The Canterbury Earthquake Recovery Authority (Cera) has almost doubled its communication budget and increased its public relations staff by a third in the past two years.

The big problem for CERA is that public trust in them as an organisation is close to zero. Instead of realising that this is a fundamental issue with the way they communicate, they’ve decided that it must be because they don’t communicate enough. More petrol on the fire, then. In the last year, we’ve had highlights such as the smartphone app that cost $80k to develop and was downloaded just over a thousand times. We also had the fantastic “Live Central” campaign, which encouraged rich white people to live in the CBD. It’d be interesting to know if they provided any advice to the PR shambles that was CEO Roger Sutton leaving.

But far more important than what the CERA comms team tells us is what they don’t. Their job is to manage the story, to ensure that the CERA version of events is the one that gets out.

The best way to ensure that they control the message is to say as little as possible. From time to time we hear stories about the number of communications and PR people employed for every journalist in the country. It’s worth thinking about that ratio in the context of the rebuild. CERA is a massive, political government department which has been placed (rightfully) in the city where it acts. Beyond the initial reporting of the disaster, there has been no increase in the resources dedicated to covering the rebuild. If anything, due to cut backs at the various media organisations, there are fewer journalists in the city than there were in 2011.

The media organisations in this city haven’t been able to increase their staffing to cover the increase in government activity post-quake. The Press, which Brownlee infamously called “the enemy of the rebuild”, has two reporters who cover the rebuild. They have some very good reporters on other beats which frequently overlap with what CERA does, such as the business and property sections.
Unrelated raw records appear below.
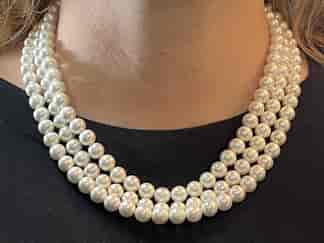Fresh water pearl triple strand necklace, 20th C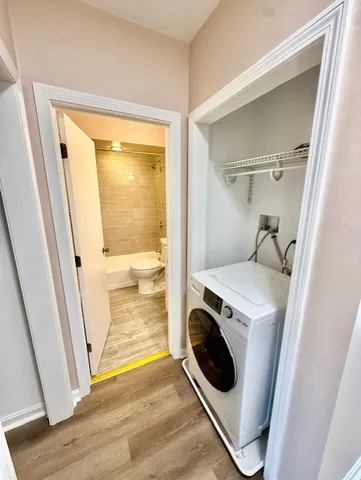 a view of storage and utility room with washer and dryer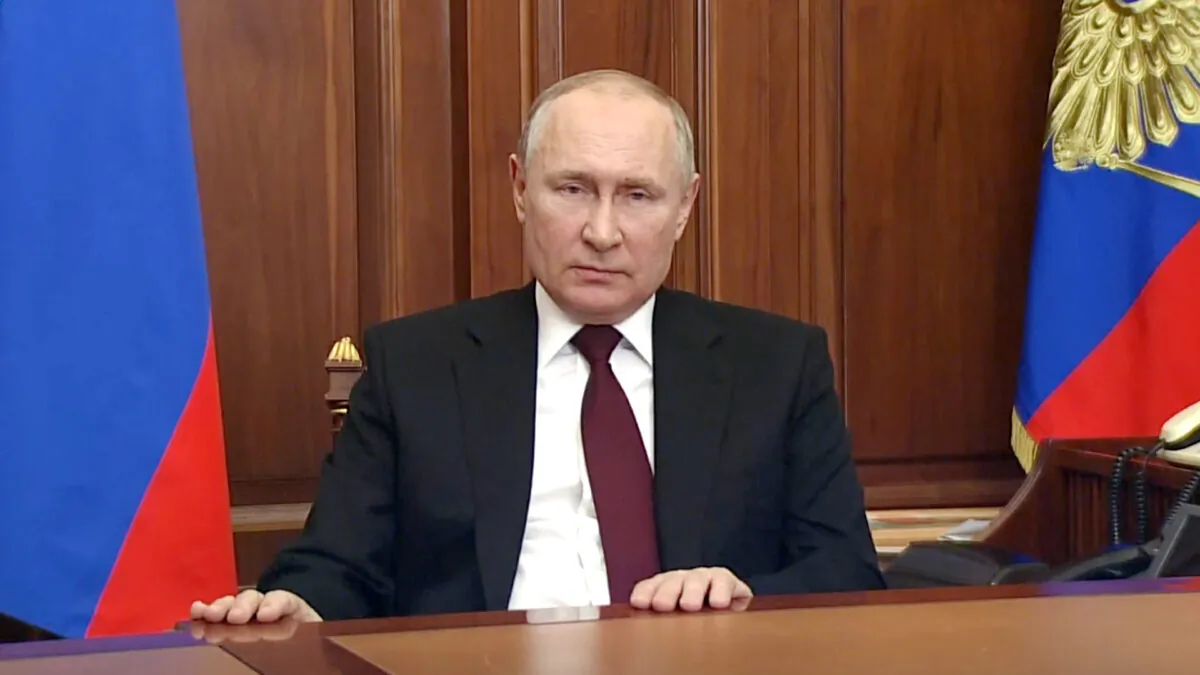 Russian President Vladimir Putin addresses the nation at the Kremlin in Moscow on Feb. 21, 2022, in a still from video. (Russian Pool via Reuters/Screenshot via The Epoch Times)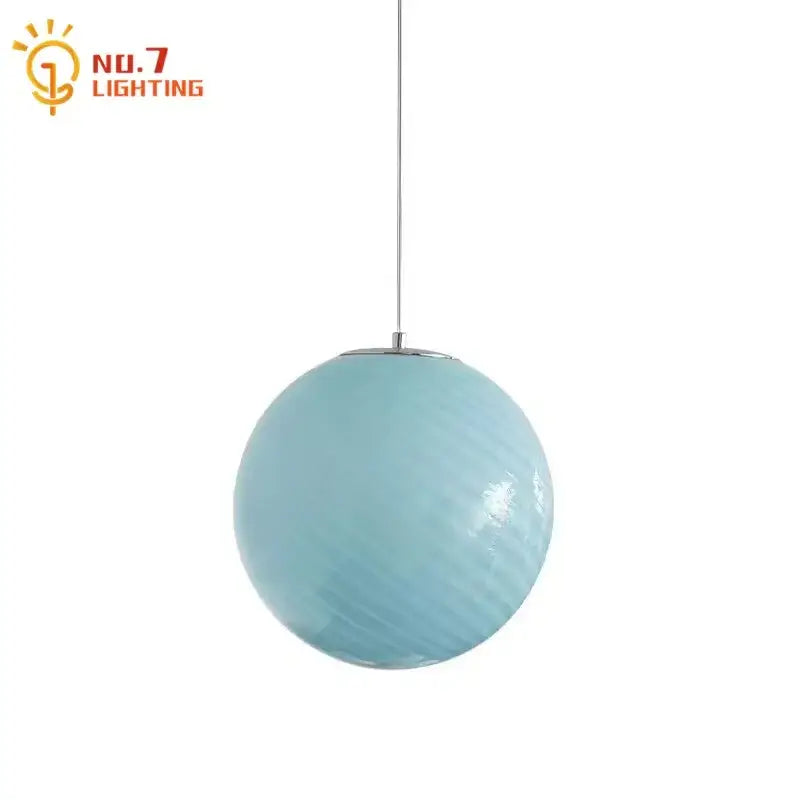 A sleek light blue glass pendant light with a textured finish and polished chrome fixture for dining room use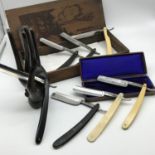 A Collection of 7 antique cut throat razors together with a vintage cigar box.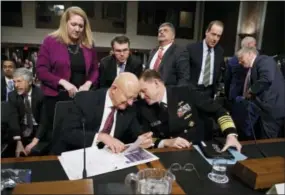  ?? EVAN VUCCI — THE ASSOCIATED PRESS ?? Director of National Intelligen­ce James Clapper, left, talks with National Security Agency and Cyber Command chief Adm. Michael Rogers on Capitol Hill in Washington on Thursday at the conclusion of a Senate Armed Services Committee hearing: “Foreign...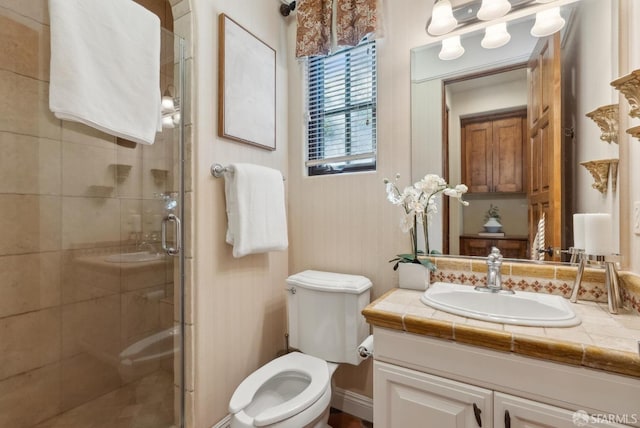 bathroom featuring a stall shower, toilet, and vanity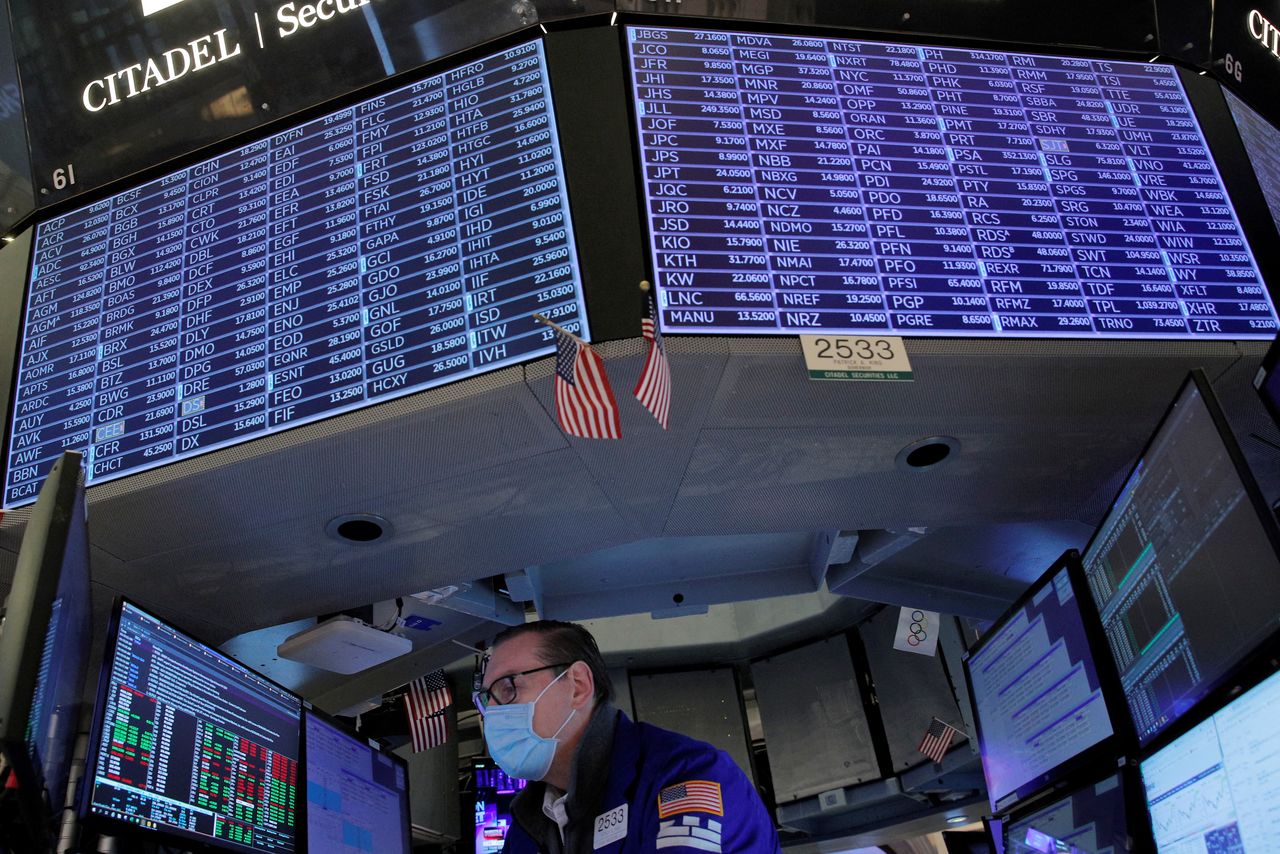 FILE PHOTO: A Specialist Trader works inside a booth on the floor of the New York Stock Exchange (NYSE) in New York City, U.S., January 25, 2022.  REUTERS/Brendan McDermid/File Photo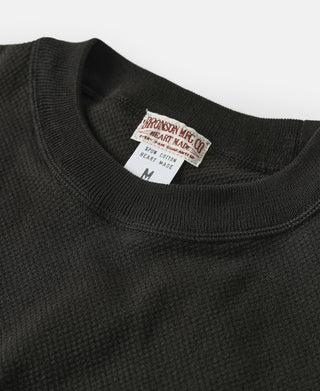 Black crew-neck waffle-knit t-shirt with brand tag at neckline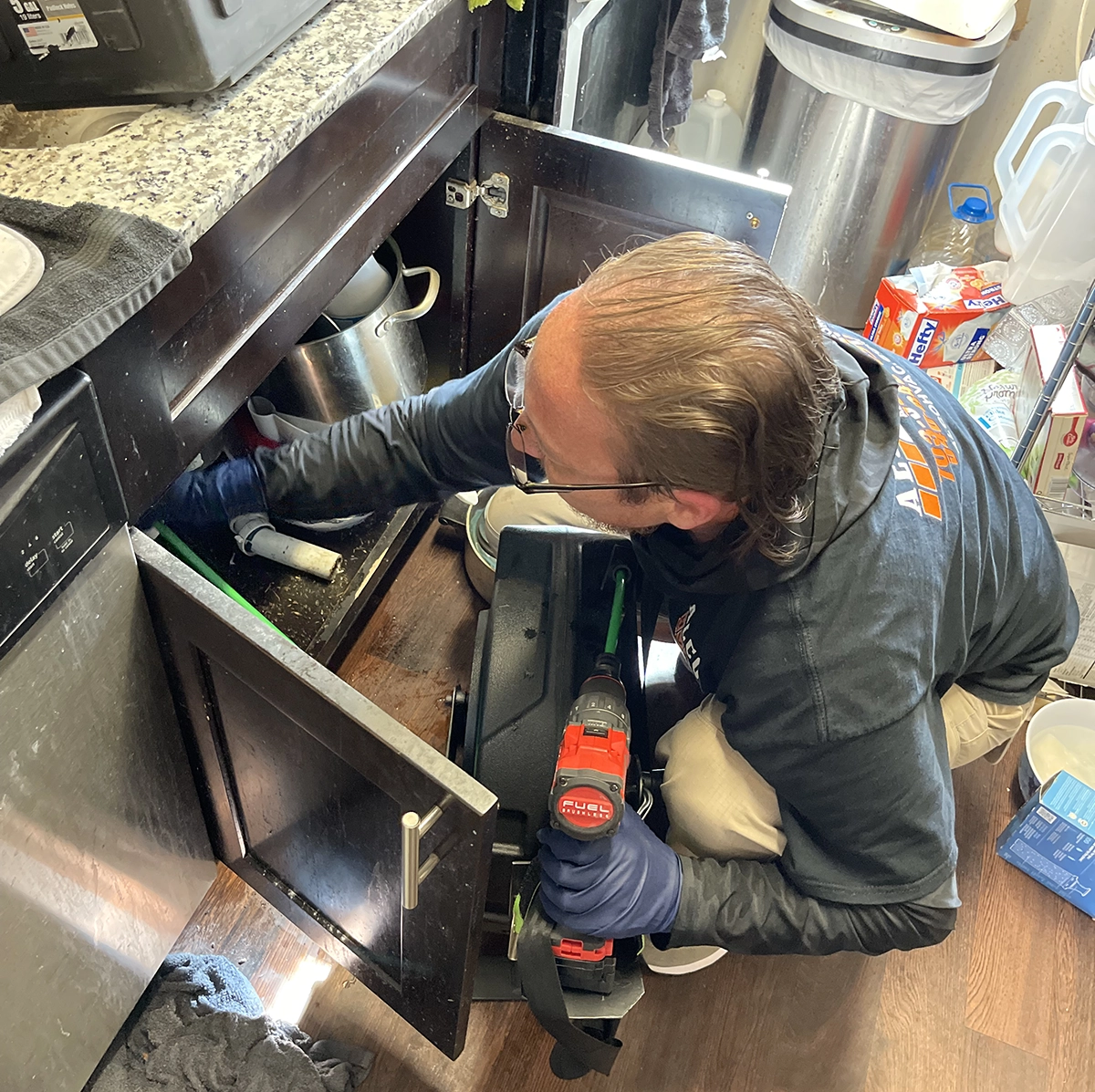 Technician performing kitchen drain cleaning under sink during service in Stafford VA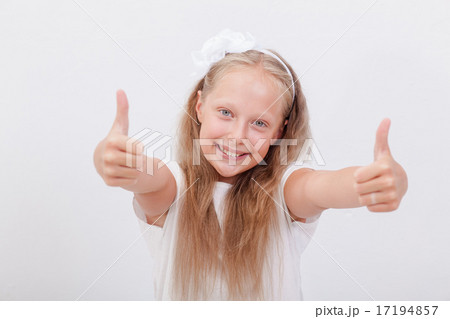 Portrait of a beautiful girl showing thumbs up on white Portrait of a beautiful girl showing thumbs up on white 17194857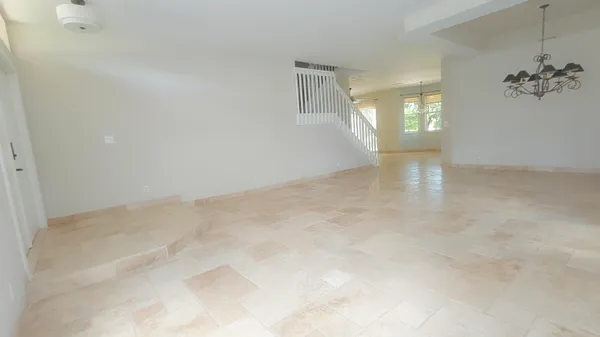 an empty room with windows and mirror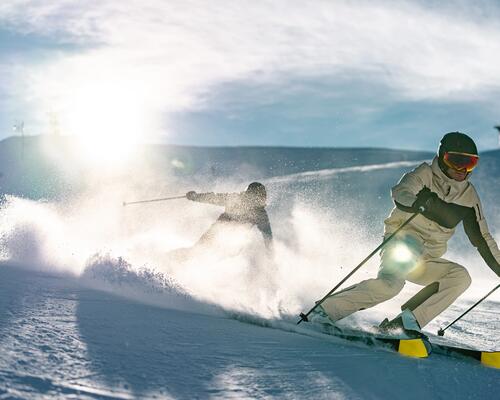 Une femme qui regarde la pente de ski avec ses lunettes sur la tête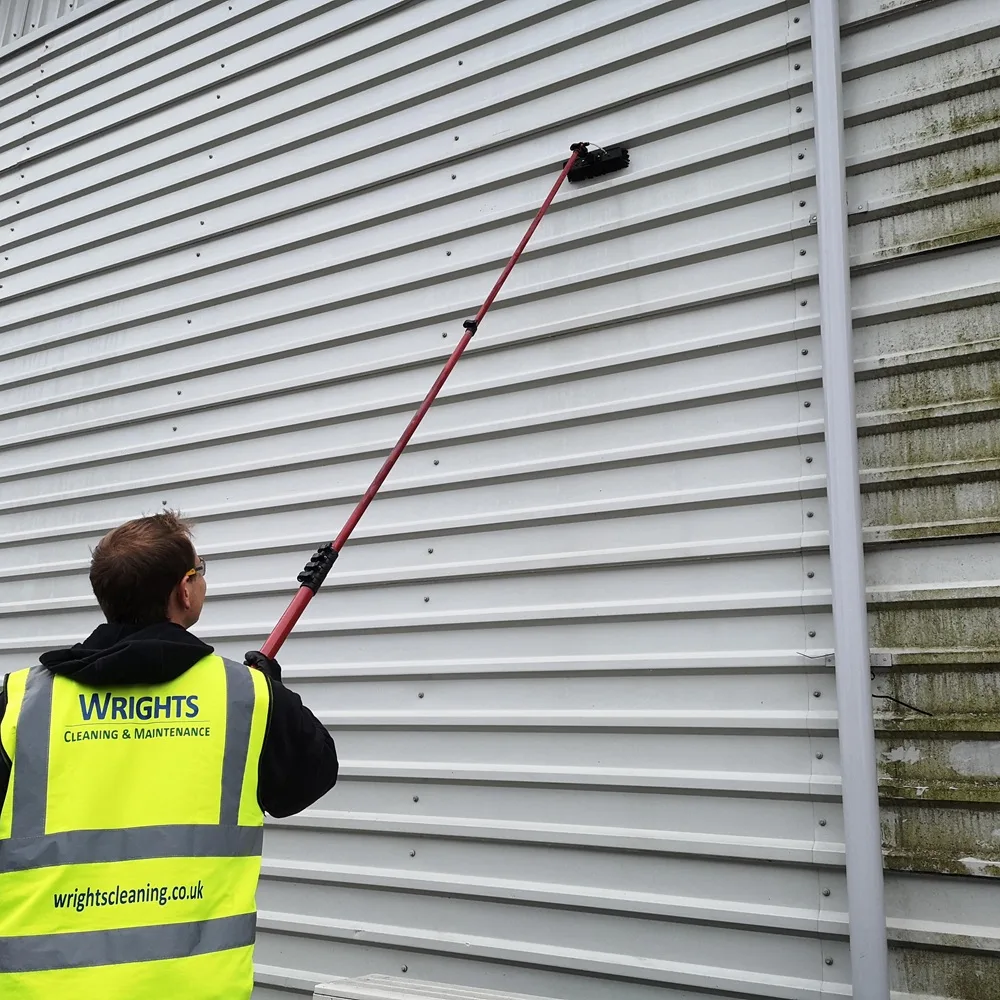 Cladding cleaned with a water-fed pole, next to panels still covered in algae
They also have some excellent feature writers, with articles from Philip Matthews and John McCrone often leading the debate on rebuild issues. Radio New Zealand has 4.5 reporters in the city, who are meant to cover everything that happens here – not just rebuild issues. Campbell Live was obviously a champion for the city, doing a lot of great reporting on the state of the rebuild, and they’re now gone. Aside from that, the TV networks don’t have the resources based here to do complex investigations.

I know that the journalists working in this city are doing their absolute best to get stories out. I also don’t doubt that the people who work in comms at CERA are good people, trying to do their best as well. But we shouldn’t kid ourselves; CERA is one of the most powerful, least transparent government organisations New Zealand has seen in a generation. Like something from the Soviet Union, it is a command and control department; and also like our socialist brothers, command and control of the media message is a critical part of its ongoing success (while I’m riffing on the Marxist metaphor, Fiona Farrell talks about Brownleegrad in her recently released book).

The suppression of any genuine opposition to the government’s actions in Christchurch, despite the obvious failures in the CBD and out East, is remarkable political management. That the Message® about the recovery is so removed from the situation on the ground is victory for the comms department – Duncan Garner wrote about what he saw when he was down here last week, and he didn’t pull any punches. It’s not that these people are bad at their job; it’s that the job they are doing is actively misleading the people of Christchurch about the state of the city. That’s something we should all be alarmed about.